The Angel in the Marble
On reading Dwarkesh, Sholto, and Trenton at the moment their predictions come due
I read this today: How Does Claude 4 Think? — Sholto Douglas & Trenton Bricken huge fan of all three and think they do great work.
There is a moment, early in the transcript, when the three of them notice they are on the record. Dwarkesh Patel wishes they had written predictions down the year before; Trenton Bricken, laughing, invites the audience to hold them accountable; Sholto Douglas stakes the wager — by this time next year, software agents doing close to a day’s work for a junior engineer.
That was May of 2025. This episode from two weeks ago I’m reading in June of 2026. Yes, reading I don’t listen to podcasts; it’s not my medium. Most of it can be scored; scoring was its subject, the year reinforcement learning finally worked wherever a clean signal exists: the right answer; the unit test, dispositive either way. My marginalia were generous.
The ballpoint kept returning, though, to a sentence that continues to irk me. A year earlier Dwarkesh had asked whether these models really reason; this time, pointing to his colleague’s circuit tracing, Sholto answers that when he looks at those circuits, <”I can’t think of anything else but reasoning.”>
I believe him. But he is wrong in a way worth being precise about — wrong about where, in that scene, the reasoning lives.

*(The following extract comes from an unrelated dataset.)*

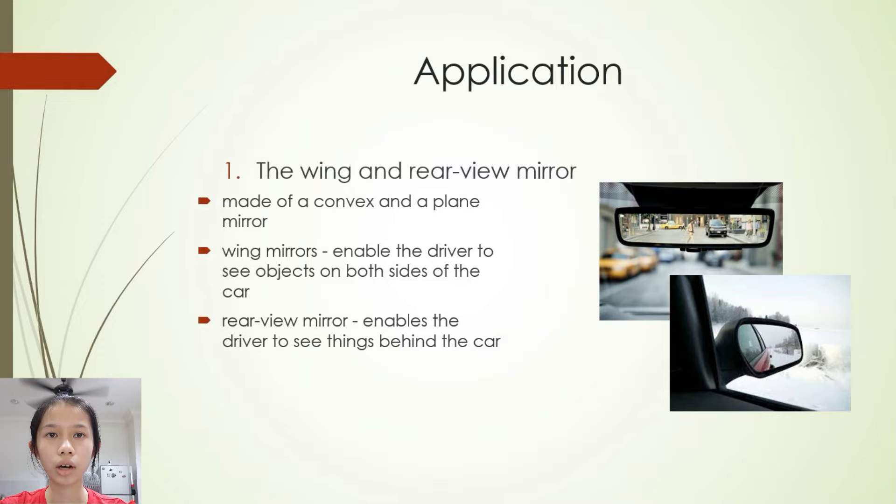Now, let us see about the application. What can we apply the theory of this solar oven in our daily life? For the first one, the wing and rear wheel mirrors. The wing and rear wheel mirrors of a car are made of a convex and a plain mirror respectively. The two wing mirrors enable the driver to see objects on both sides of the car. The rear wheel mirrors enable the driver to see things behind the car.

What Trenton showed is genuinely wonderful. Ask the model for fifty-nine plus thirty-six and the mechanism splits — a lookup-table feature that knows what nine and five do, a rough magnitude estimate running beside it, the two streams meeting at ninety-five. Ask how it added, though, and it recites the schoolbook catechism: columns, carrying the one. For a monstrous cosine, the chain of thought performs a computation the circuit shows never occurring — Trenton’s term for it was indelicate and exact. And told I think the answer is four, the model bends each step backward from the suggestion, manufacturing the path to an agreement already chosen. Dwarkesh confessed he had done that himself. Who hasn’t, said Trenton.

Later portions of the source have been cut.